Entropy-driven phase transition in low-temperature antiferromagnetic Potts models

TL;DR

This paper proves the existence of long-range order at low temperatures in the three-state Potts antiferromagnet on certain plane quadrangulations, demonstrating spontaneous magnetization and providing rigorous bounds supported by computer calculations.

Contribution

It establishes the presence of multiple Gibbs measures and spontaneous magnetization in low-temperature antiferromagnetic Potts models on specific lattices, including a rigorous bound for the diced lattice.

Findings

Existence of at least three infinite-volume Gibbs measures.

Spontaneous magnetization in sublattices at low temperatures.
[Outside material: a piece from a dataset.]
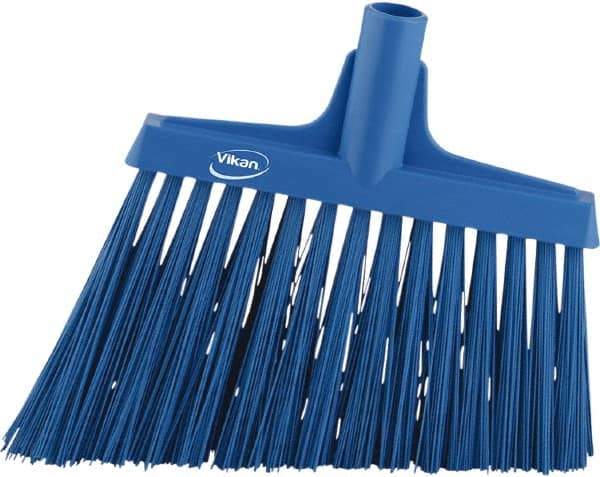 Vikan - 9-1/2" Wide, Blue Synthetic Bristles, Angled Broom - A1 Tooling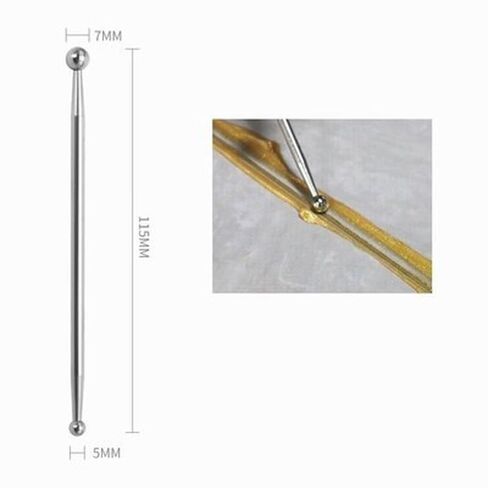 5Pcs/Pack Beauty Seam Tools Floor for Grouting and Tiling Repair Steel Pressed Ball Stick Corner Angle Scraper Wall Gap Cleaner in Saudi Arabia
Rigorous lower bounds on magnetization probabilities for the diced lattice.

Abstract

We prove the existence of long-range order at sufficiently low temperatures, including zero temperature, for the three-state Potts antiferromagnet on a class of quasi-transitive plane quadrangulations, including the diced lattice. More precisely, we show the existence of (at least) three infinite-volume Gibbs measures, which exhibit spontaneous magnetization in the sense that vertices in one sublattice have a higher probability to be in one state than in either of the other two states. For the special case of the diced lattice, we give a good rigorous lower bound on this probability, based on computer-assisted calculations that are not available for the other lattices.